Scott Pelley in 2019. | John Ramspott | CC BY 2.0, via Wikimedia Commons

Scott Pelley isn’t the only journalist forced out of a job because of changing media dynamics. But his ouster from CBS News and 60 Minutes amid the Bari Weiss-ification of the operation brought to mind my own connection to that storied institution. 

When my mother graduated from high school in Wisconsin, she immediately headed to the big city of Chicago for better career prospects. There she worked a number of jobs and eventually met my father in the church choir. But somewhere between her arrival in the Windy City and dating Dad, she got to know Kurt Weihs, a CBS designer. Weihs, who designed the CBS eye logo along with Bill Golden, told my mother that he based the eye design on her eyes.
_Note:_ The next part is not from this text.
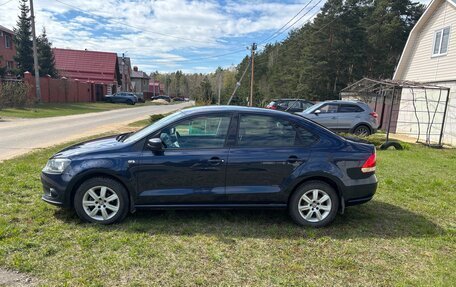 Volkswagen Polo VI (EU Market), 2015 год, 950 000 рублей, 5 фотография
At least that’s what my late mother remembered. Weihs, a Holocaust survivor who spent most of the rest of his life in New York City, apparently was in Chicago at the right time to have met my mother. But my siblings and I decided it just became a line he told every pretty young woman— “I based the CBS logo on your eyes.”
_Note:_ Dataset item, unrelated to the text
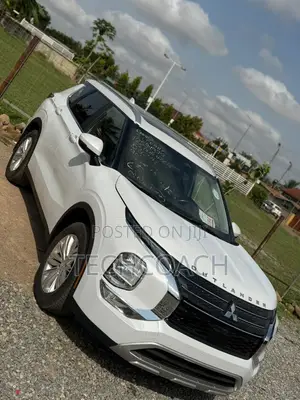 Mitsubishi Outlander SE 2022 White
But maybe my mom believed it enough that it’s the reason we grew up watching CBS Evening News every night and 60 Minutes on Sundays. CBS and the daily newspapers were the main sources of our news. Significantly, one we paid for, the other we didn’t. Today, the economic model for both of those media has broken down.

Pick a format, any format

We all know that newspapers have been hollowed out, as classified and other advertising fled their pages and hedge funds became the new owners, apparently interested mostly in the valuable real estate owned by the papers. TV news has also been downsized, and the Orbánization of American journalism continues apace, as regime favorites buy up influential news operations. Such as CBS News.

Digital-based news has not proved to be a viable successor. For just one example, journalist Harry Cheadle recently wrote on Persuasion about his experience at Vice Media, which went from a magazine to a multimedia company to, once again, a magazine. He lays out the folly of the ad-clicks-will-make-us-rich plan of the Millennial sites like Buzzfeed and its ilk. In brief: It didn’t work.
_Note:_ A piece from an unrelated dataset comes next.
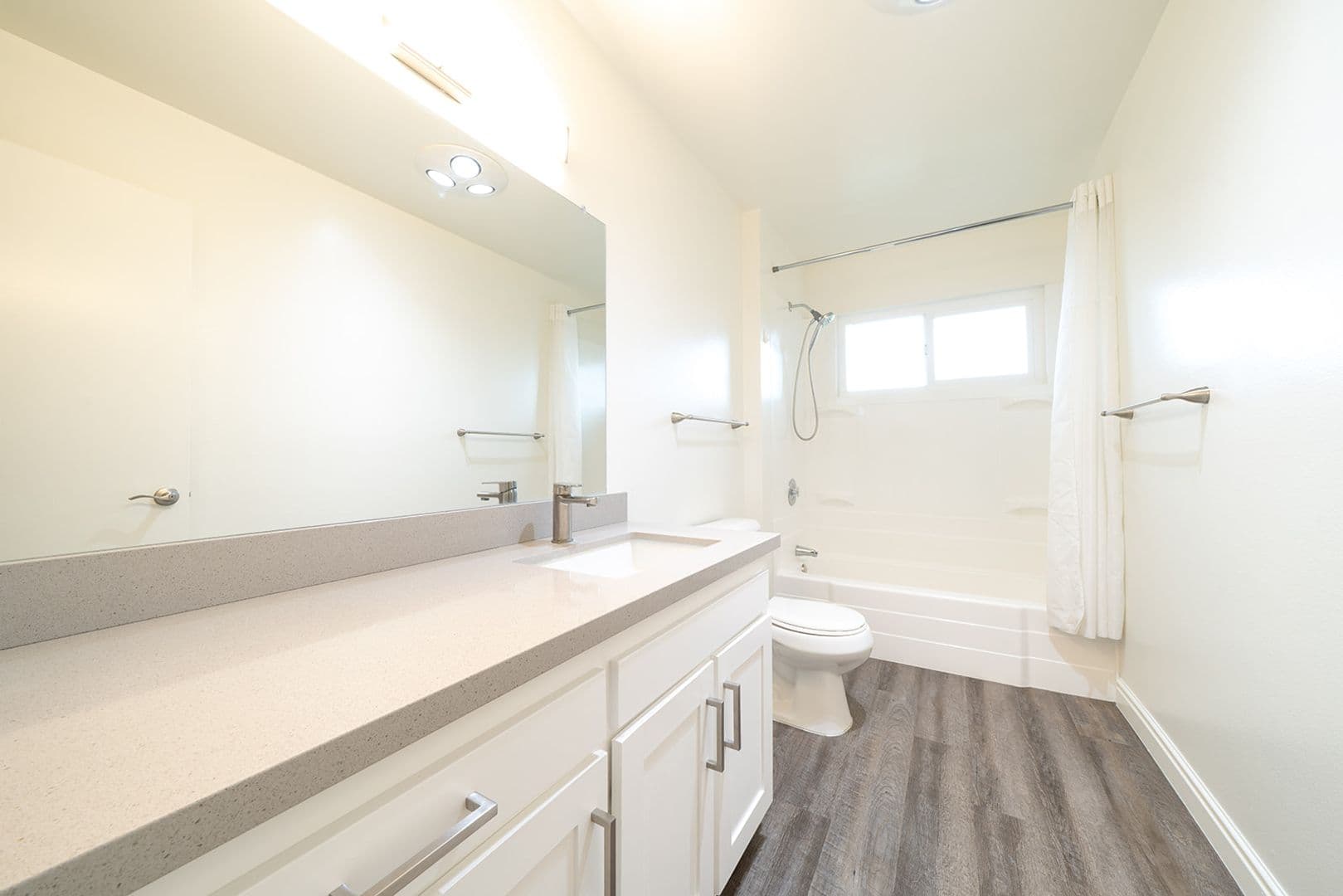 Vista Apartment: 1110 Meadowlake Drive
And in another example of media brands trying to find their space, The Onion is back in print, and apparently it’s doing fine. For years, humor publication The Onion was known for its website and social media posts, mostly getting by on funny headlines that created no need to click through for the full story or video. But the site’s newish owners are heading into the future by going back to the publication’s past. The Onion says it’s already sold 70,000 subscriptions at $99 a year. The website remains, and the company is gearing up to relaunch Infowars, the Alex Jones conspiracy platform it purchased out of bankruptcy and plans to use as a digital comedy website. 

A digression is in order, because I was there at the inception. Or at least I was inception-adjacent. The Onion began as a weekly newspaper on the campus of the University of Wisconsin—Madison, where I was a student and an editor of one of the campus dailies, The Badger Herald. The Onion was a coupon paper — stories filled most of each page, with coupons along the bottom from pizzerias and other establishments. If the coupons broke no new ground, the writing did. The paper was consistently funny and even pointed. A number of its writers and editors contributed to the campus dailies, and they did not hesitate to poke fun at us — usually accurately. For example, in one side-by-side comparison of the two papers, our leftwing competitor was said to support the El Salvadoran Marxist group FMLN; the Herald was said to misspell FMLN. Alas, we were occasionally proofreading-challenged, and it was funny.

The status quo never lasts

We’re in an interregnum. People can easily say what no longer works — three big networks that make billions of dollars from advertising, or thick newspapers making millions of dollars from classified and display ads, plus subscriptions — but right now, no one knows what model will work for news media. Online advertising and clicks don’t produce anywhere near the volume needed for support, and nonprofit news is reliant on generous supporters. Individual journalists have relocated to Substack.

This is not the first time the news industry has undergone fundamental changes and faced what it feared was existential threats. When AM radio stared death in the face in the wake of the rise of FM and television, it reinvented itself as a platform for news and talk, where millions of people got their news, weather, and traffic on the hour every hour. When Georgian Ted Turner created Cable News Network (CNN) in 1980, people worried that the news world couldn’t take the saturation and competition. It did. CNN was once the danger; now it is the industry standard the insiders worry about losing.

And if the big threat, at 60 Minutes and The Washington Post and elsewhere, is a constriction in the number of ideas and points of view received by the public, well, we’re in for continued turbulence. But previous changes from CNN to AM to social media and onward have resulted in more voices finding their places and making it more difficult to silence an opposition.

People say “The more things change, the more they stay the same.” But that’s not true; the truth is, things never stay the same.